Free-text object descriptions
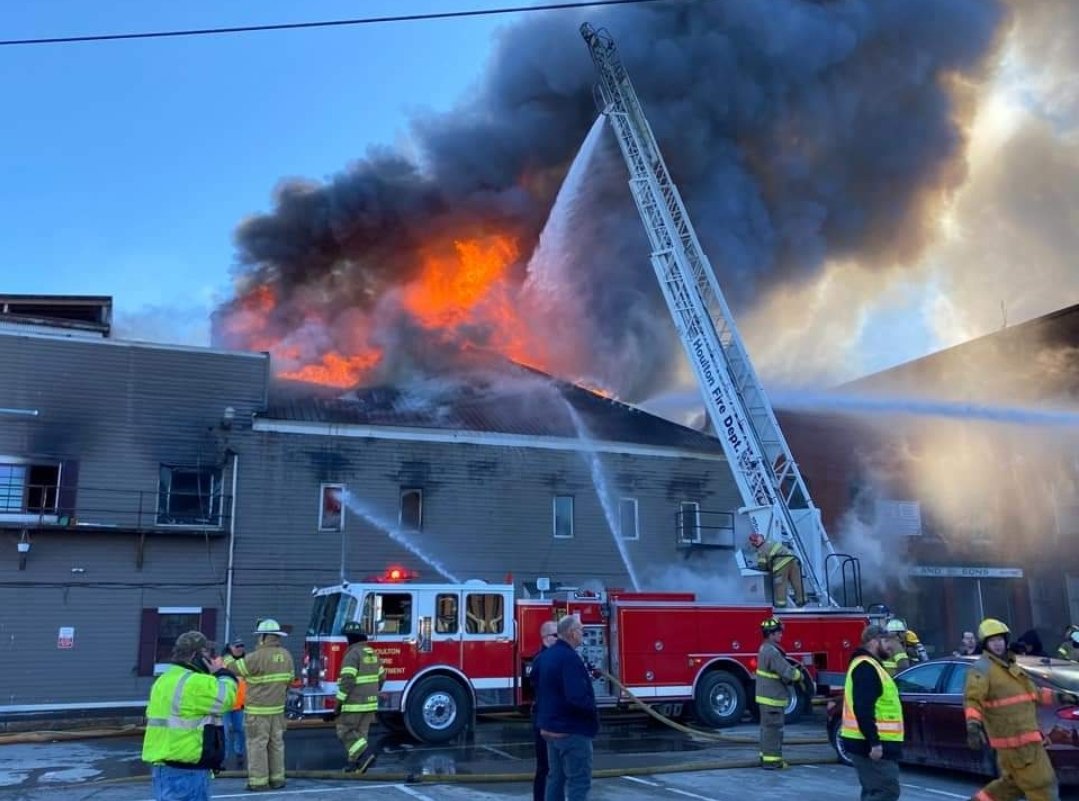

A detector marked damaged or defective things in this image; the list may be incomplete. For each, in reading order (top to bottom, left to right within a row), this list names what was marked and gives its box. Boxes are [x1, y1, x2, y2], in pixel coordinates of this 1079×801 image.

broken window [157, 470, 222, 526]
burned-out window [157, 468, 222, 531]
burned-out window [317, 483, 343, 533]
broken window [317, 483, 343, 533]
burned-out window [401, 490, 420, 533]
broken window [401, 490, 420, 533]
burned-out window [556, 496, 574, 539]
broken window [552, 496, 578, 539]
burned-out window [463, 591, 504, 634]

**Instructions for the task**
In the copy, omit the pictures and give every line of the data exactly.

**Solution for this task**
A detector marked damaged or defective things in this image; the list may be incomplete. For each, in reading order (top to bottom, left to right within a row), this list names what was marked and gives its box. Boxes are [x1, y1, x2, y2], in pixel coordinates of this 1079×801 image.

broken window [157, 470, 222, 526]
burned-out window [157, 468, 222, 531]
burned-out window [317, 483, 343, 533]
broken window [317, 483, 343, 533]
burned-out window [401, 490, 420, 533]
broken window [401, 490, 420, 533]
burned-out window [556, 496, 574, 539]
broken window [552, 496, 578, 539]
burned-out window [463, 591, 504, 634]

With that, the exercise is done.